MEDIA CONTACT: Anthony Chenault

Ohio EPA Requests Nominations to Finance 2020 Wastewater Projects Across the State 

Nominations must be received by August 31

Communities seeking help to fund wastewater infrastructure projects for 2020 need to submit nominations by Aug. 31, 2019, for assistance under the Water Pollution Control Loan Fund (WPCLF). Projects may be nominated by following the instructions and forms available on Ohio EPA’s website. 

“The state’s revolving loan account continues to be an excellent option for communities seeking to improve their wastewater infrastructure,” Ohio EPA Director Laurie A. Stevenson said. “I encourage community leaders to work with our office, assess their needs and consider applying before the Aug. 31 deadline.”

Low-interest loan funds will be made available to all projects that meet program requirements. In addition to loan awards, approximately $36 million will be made available as “principal forgiveness” loans (loans in which some of the principal is awarded like a grant).  Additionally, up to $15 million will be offered to public agencies and not-for-profit organizations to carry out projects to restore habitat in Ohio’s water bodies under the Water Resource Restoration Sponsorship Program. 

For construction projects, nominations must be submitted to Ohio EPA by Aug. 31. Planning, design and nutrient reduction projects may be nominated at any time during the program year. 

The WPCLF program is administered by Ohio EPA’s Division of Environmental and Financial Assistance, with assistance from the Ohio Water Development Authority. Since 1989, the WPCLF has provided more than $9 billion in community loan assistance and saved its customers more than $1.5 billion in interest.
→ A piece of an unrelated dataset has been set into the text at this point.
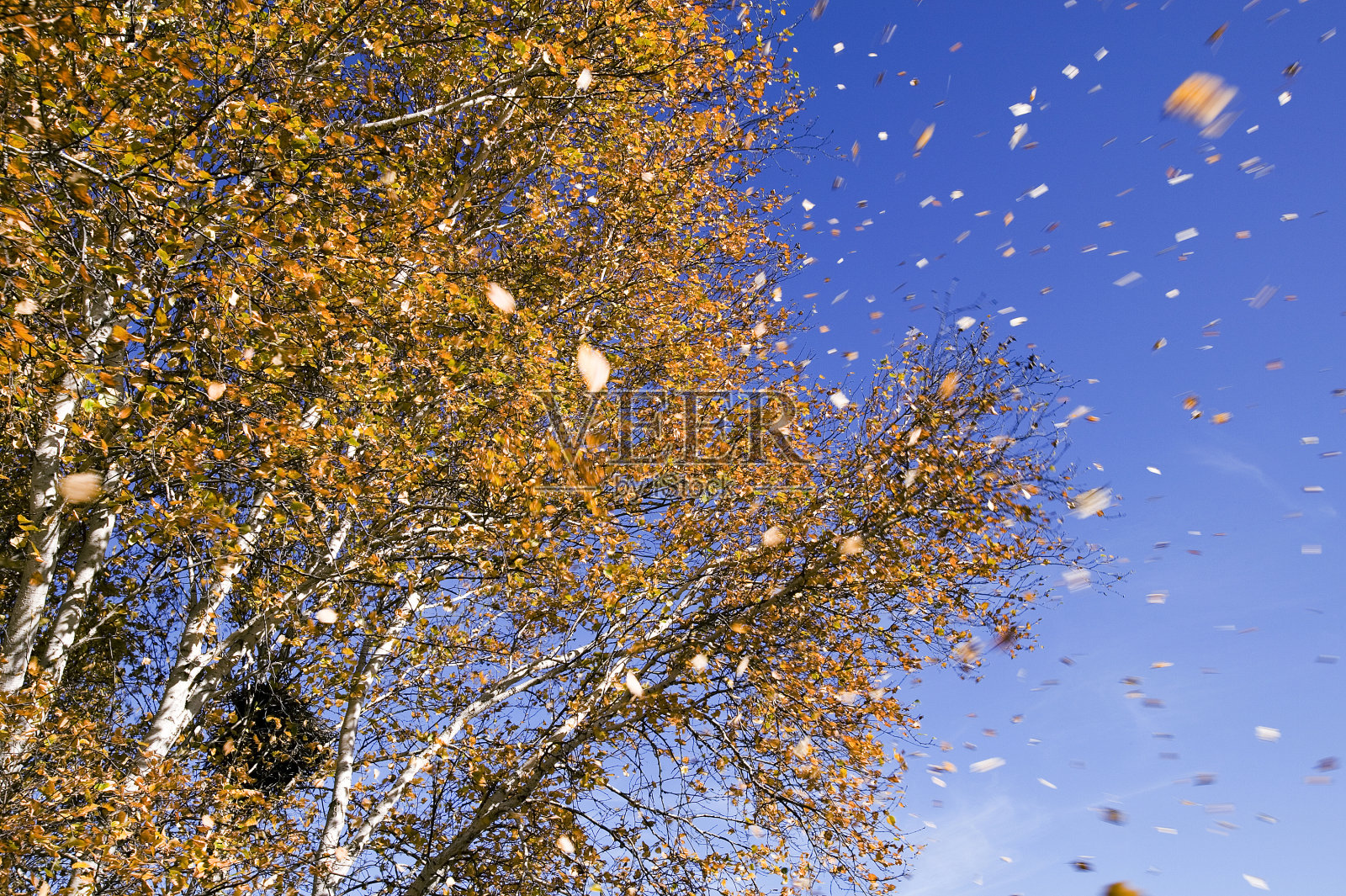 美丽的秋天照片摄影图片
Ohio EPA estimates that WPCLF loans often equate to grants of 15-38 percent of a project’s total cost when compared to conventional finance rates. 

Low-interest loans have been provided to municipalities and individuals for agricultural best management practices, home sewage system improvements, contaminated site cleanup and landfill closures. Additionally, the WPCLF can provide technical assistance to public wastewater systems in a variety of areas from the planning, design and construction of improvements to enhancing the technical, managerial and financial capacity of these systems. 
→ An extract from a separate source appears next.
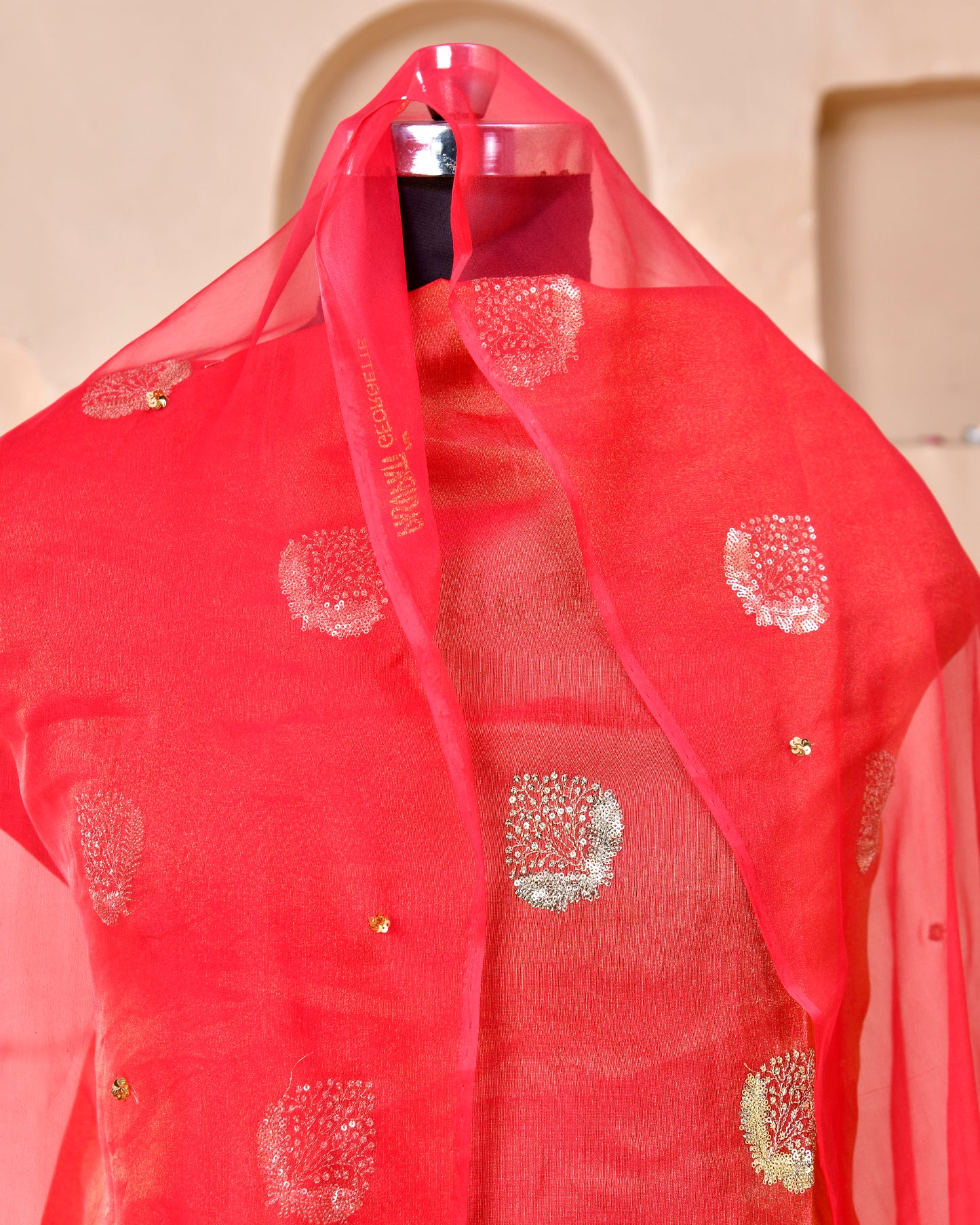Tamatri Tissue Handwork Rajputi Suit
The Ohio Environmental Protection Agency was created in 1972 to consolidate efforts to protect and improve air quality, water quality and waste management in Ohio. Since then, air pollutants dropped by as much as 90 percent; large rivers meeting standards improved from 21 percent to 89 percent; and hundreds of polluting, open dumps were replaced with engineered landfills and an increased emphasis on waste reduction and recycling.